Suzuki V-Strom 800 DE – uniwersalny offroadowy turysta [test, recenzja, dane techniczne, opinia]
Magia liczb
Motocykliści uwielbiają liczby. Niemal każda dyskusja zaczyna się od porównania danych technicznych. Potrafimy kłócić się o to czy dodatkowe 2 cm skoku zawieszenia jest istotne. Motocykl o wadze 190 kg będzie przecież bez porównania lżejszy niż ten ważący 200 kg. Jesteśmy skłonni uwierzyć, że różnica w wadze sięgająca 10% to absolutny game changer. Chętnie korzystają z tego producenci. Dział marketingu dwoi się i troi aby przekonać nas, że to właśnie ich motocykl jest najlepszym co może nas spotkać w życiu. A my, motocykliści, chętnie dajemy się im przekonać.
Twoja własna wizja
Żyjemy w czasach, gdy zbudowanie motocykla idealnego nie jest problemem. Uważasz, że idealny motocykl ADV powinien mieć mocnego singla? Żaden problem. Na rynku jest spory wybór takich motocykli. Nie odpowiada Ci zawieszenie? Żadne problem, są specjaliści, którzy bez problemu zaadaptują niemal dowolne zawieszenie do niemal dowolnej ramy. Zbyt mały zasięg? Wybór akcesoryjnych zbiorników paliwa o dużej pojemności jest naprawdę duży. Dlaczego zatem tak mało osób decyduje się na zbudowanie swojego wymarzonego motocykla? Gdzie te wszystkie repliki dakarówek?
Witamy w Europie
Zawsze ciekawił mnie fenomen kompletnie innego podejścia do budowania motocykli ADV w Europie i w USA. Tam królują mocno zmotane DRZ400. Jest całkiem sporo maszyn takich jak KLR650. DR650 ciągle jest uważana za świetny wybór. U nas to stare kapcie, których nikt nie chce dotykać. Męczące na trasie. Zbyt wolne autostradę. Europa stoi asfaltem. Mieszkasz w Niemczech? Niemiecki TET ma raptem 1200 km i sprowadza się do jednej nitki na północy kraju. Nawet przy dużej dozie samozaparcia ciężko nazwać to trudnym terenem. W Szwajcarii nie ma nawet 600 km. Belgia ma 450 km. Jaki sens ma tam motocykl pokroju PR7? W Polsce mamy cieplarniane warunki. Jest, gdzie jeździć. Mimo to może się okazać, że aby dotrzeć do w upragniony teren najpierw musicie przejechać pół kraju po czarnym. W tych warunkach kompromis wydaje się najsensowniejszym i najbardziej uniwersalnym wyborem.

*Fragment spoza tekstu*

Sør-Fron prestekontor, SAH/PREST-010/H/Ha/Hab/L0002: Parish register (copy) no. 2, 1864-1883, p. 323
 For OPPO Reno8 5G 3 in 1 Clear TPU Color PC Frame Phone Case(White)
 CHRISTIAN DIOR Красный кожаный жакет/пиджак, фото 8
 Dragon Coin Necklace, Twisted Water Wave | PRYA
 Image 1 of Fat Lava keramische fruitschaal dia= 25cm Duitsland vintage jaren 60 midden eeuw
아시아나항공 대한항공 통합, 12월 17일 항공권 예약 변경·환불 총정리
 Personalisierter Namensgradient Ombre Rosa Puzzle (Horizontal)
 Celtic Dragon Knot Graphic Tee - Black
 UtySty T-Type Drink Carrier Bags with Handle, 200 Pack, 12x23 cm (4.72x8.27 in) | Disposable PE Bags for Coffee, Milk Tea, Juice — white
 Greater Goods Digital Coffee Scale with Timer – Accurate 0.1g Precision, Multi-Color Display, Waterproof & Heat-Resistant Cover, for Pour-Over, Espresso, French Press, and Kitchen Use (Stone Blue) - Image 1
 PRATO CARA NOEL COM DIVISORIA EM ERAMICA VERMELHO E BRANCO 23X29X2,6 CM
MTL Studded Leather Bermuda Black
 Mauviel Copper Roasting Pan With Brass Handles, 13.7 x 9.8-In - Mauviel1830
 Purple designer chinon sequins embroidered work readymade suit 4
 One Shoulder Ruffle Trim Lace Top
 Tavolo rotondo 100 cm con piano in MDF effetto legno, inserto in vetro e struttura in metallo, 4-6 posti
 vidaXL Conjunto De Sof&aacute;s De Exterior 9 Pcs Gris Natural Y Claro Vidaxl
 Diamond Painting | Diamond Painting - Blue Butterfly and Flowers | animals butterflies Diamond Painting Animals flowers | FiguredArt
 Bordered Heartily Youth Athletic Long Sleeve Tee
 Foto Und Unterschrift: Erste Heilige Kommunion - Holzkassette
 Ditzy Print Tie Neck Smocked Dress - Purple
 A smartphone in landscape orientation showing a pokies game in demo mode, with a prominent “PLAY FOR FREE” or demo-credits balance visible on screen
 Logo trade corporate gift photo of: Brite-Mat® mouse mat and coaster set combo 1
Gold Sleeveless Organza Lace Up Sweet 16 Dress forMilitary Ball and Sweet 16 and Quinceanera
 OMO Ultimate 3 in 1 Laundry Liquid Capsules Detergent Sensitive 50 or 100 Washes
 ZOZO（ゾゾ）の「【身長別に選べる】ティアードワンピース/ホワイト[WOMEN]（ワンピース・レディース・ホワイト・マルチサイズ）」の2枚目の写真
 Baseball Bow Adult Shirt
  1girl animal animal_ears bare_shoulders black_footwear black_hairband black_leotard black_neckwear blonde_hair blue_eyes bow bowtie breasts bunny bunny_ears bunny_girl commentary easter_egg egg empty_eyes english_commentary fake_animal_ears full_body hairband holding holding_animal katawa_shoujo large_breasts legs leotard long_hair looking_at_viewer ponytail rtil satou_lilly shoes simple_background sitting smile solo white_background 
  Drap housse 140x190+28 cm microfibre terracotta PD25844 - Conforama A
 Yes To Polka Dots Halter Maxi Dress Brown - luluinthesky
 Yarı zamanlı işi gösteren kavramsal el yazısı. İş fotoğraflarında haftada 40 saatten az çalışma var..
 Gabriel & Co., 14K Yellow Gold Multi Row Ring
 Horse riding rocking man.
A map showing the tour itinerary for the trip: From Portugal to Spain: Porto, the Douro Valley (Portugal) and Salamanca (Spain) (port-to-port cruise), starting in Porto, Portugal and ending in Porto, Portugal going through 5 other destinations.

Ducati DesertX – wulkan emocji [test, recenzja, dane techniczne, opinia] – 9 pomysłów na adventure
Dużo gadania
No właśnie, lubimy sobie pogadać. Z gadania wynika, że każdy by chciał jeździć na czymś pokroju AJP PR7. Gdy przychodzi do wydawania pieniędzy lepszym wyborem jest Yamaha Tenere. Nagle okazuje się, że może i na rumuńskich bezdrożach AJP sprawdzi się lepiej, ale trzeba tam dojechać. Szybciej, wygodniej i kulturalniej dojedziemy Tereską. W dodatku zrobiliśmy się wygodni. Budowanie czegokolwiek samodzielnie jest zbyt trudne – nawet gdy samodzielnie oznacza zlecenie prac wyspecjalizowanym warsztatom. Martwimy się tym, że motocykl będzie długo stał w warsztacie, ale 4 miesiące zimowania to żaden problem. Martwi nas czas oczekiwania na części liczony w dniach. To może sprawić, że jadąc na Magdan nie dostaniemy części zamiennych. To akurat zmartwienie na zapas. Bardziej z gatunku gdybyśmy tam jechali.
Sprzeczności
I tu dochodzimy do clou. Sprzeczność to drugie imię miłośnika motocykli ADV. W naszej wizji przemierzamy piaski Maroko czy zwiedzamy Stany. Oczywiście te wschodnie jak na przykład Turkmenistan. W rzeczywistości szukamy kompromisu. W naszej wizji potrzebujemy 30 cm skoku zawieszenia, aby skakać na wiele metrów. W rzeczywistości przeszkadza nam, gdy motocykl telepie na kostce brukowej i lusterka się trzęsą. W naszej wizji stoimy na motocyklu przez cały dzień a w rzeczywistości przeszkadza nam mało wygodna kanapa. Nie czarujmy się, lwia część miłośników segmentu ADV nie kupi repliki dakarówki nawet gdy będzie ona kosztować tyle samo co nowa Tenere. Bo chociaż lubimy snuć wizje to jednak pieniądze wydajemy w rzeczywistości. Rynek nie znosi próżni. Gdyby klienci byli gotowi wydać pieniądze na idealne motocykle ADV to ktoś by je zaczął budować. Najwyraźniej to co mamy na rynku jest już tak bliskie idealnego kompromisu, że nie ma sensu sprzedawać niczego innego.